> _PROVIDED RECORDS_:
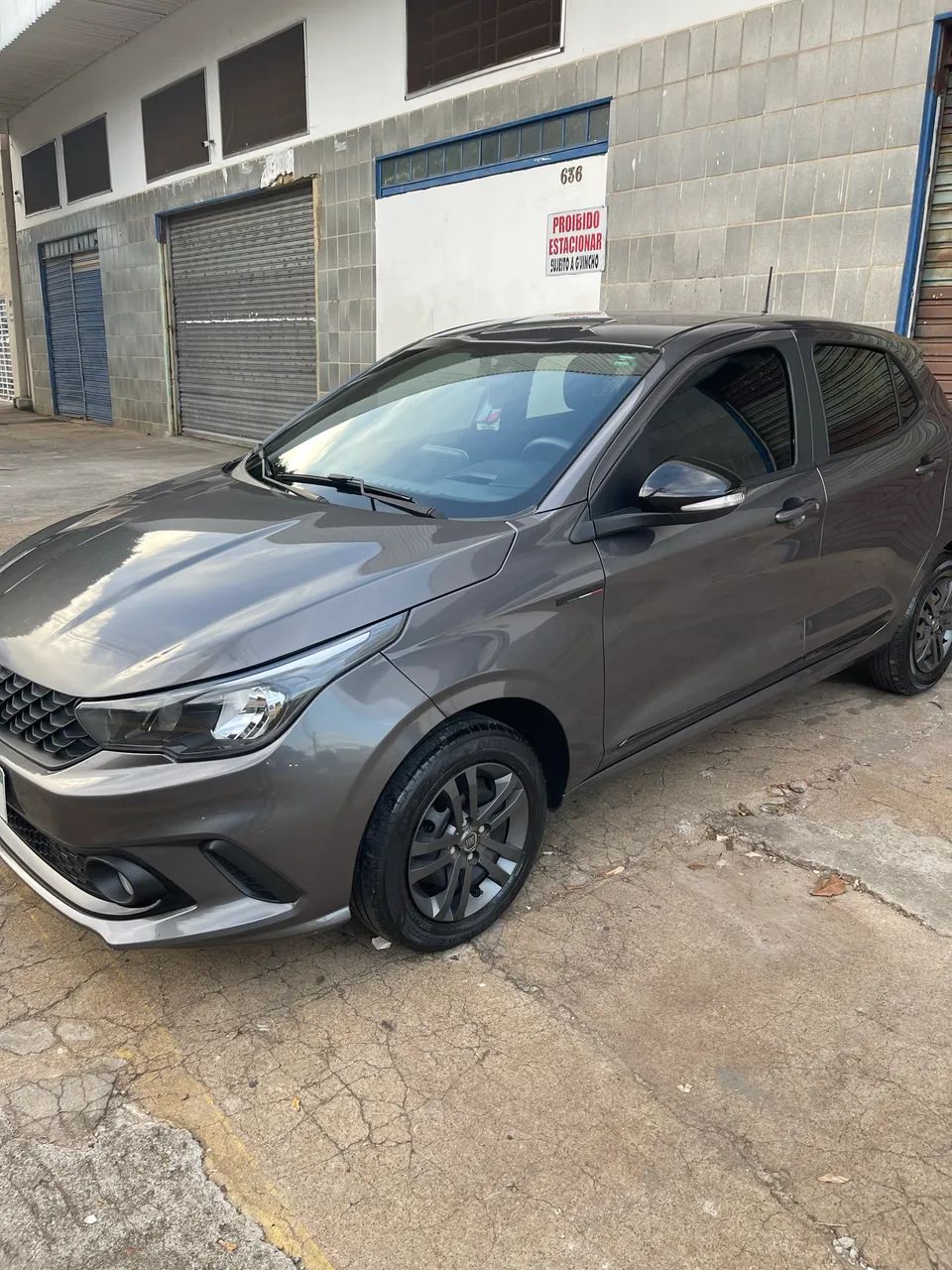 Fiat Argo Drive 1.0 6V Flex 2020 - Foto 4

* * *

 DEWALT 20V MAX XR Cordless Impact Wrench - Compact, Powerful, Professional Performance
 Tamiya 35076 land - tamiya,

> _EXERCISE OBJECTIVE_: In the listing above, locate the line containing "DEWALT 20V MAX" and the line containing "Tamiya 35076 land". Extract those two lines and every line between them, exactly as written, and only those.

> _OUTPUT OF THE TASK_:
 DEWALT 20V MAX XR Cordless Impact Wrench - Compact, Powerful, Professional Performance
 Tamiya 35076 land - tamiya,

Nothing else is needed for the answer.